Stuprocentowo spontanicznie byłoby, gdyby mi to przyszło do głowy na mównicy, a gdy na nią wchodziłem, miałem to już w głowie. Doszedłem do wniosku, że mogę to powiedzieć, mogę zaryzykować. Na razie, niestety, nie przyniosło to dobrych rezultatów, bo tu (podczas niedzielnej wizyty w Piotrkowie Tryb. - red.) dowiedziałem się, że Zbigniew Ziobro w istocie tę propozycję odrzucił. Może z czasem zrozumie, że to zła droga.
Kaczyński mówi o decyzji KRRiTv w sprawie TV Trwam:
Ta decyzja jest sprzeczna ze wszystkimi pisanymi i niepisanymi regułami, jakie powinny obowiązywać w państwie demokratycznym. Ona po prostu jest niezgodna z prawem. Złamano prawo i mam nadzieję, że ci, którzy złamali, poniosą odpowiedzialność. I nawet gdyby w przyszłości TV Trwam miała dostać koncesję, to nie zmienia faktu, że protestować trzeba. To jedyna telewizja katolicka, która mogłaby być powszechnie dostępna.
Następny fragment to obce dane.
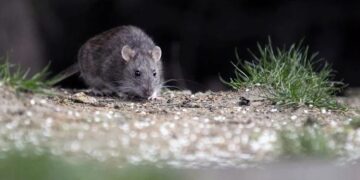 Confirman que Necochea registró un caso de hantavirus este año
Według prezesa PiS w Polsce potrzebna jest rewolucja moralna:
Potrzebna jest rewolucja moralna, o której była mowa po raz pierwszy już 1 lipca 1996 roku. A rewolucja moralna to coś, co się w polskiej historii parę razy zdarzyło. Ludzie nagle zmieniają postawy, zaczynają się bardziej interesować życiem społecznym, angażują się, chcą zmiany, odrzucają to, co jest. (...) Rewolucja moralna jest potrzebna, bo w Polsce są potrzebne ogromne zmiany, jeżeli nie chcemy być peryferyjnym, półkolonialnym krajem, tylko liczącym się, dużym europejskim państwem.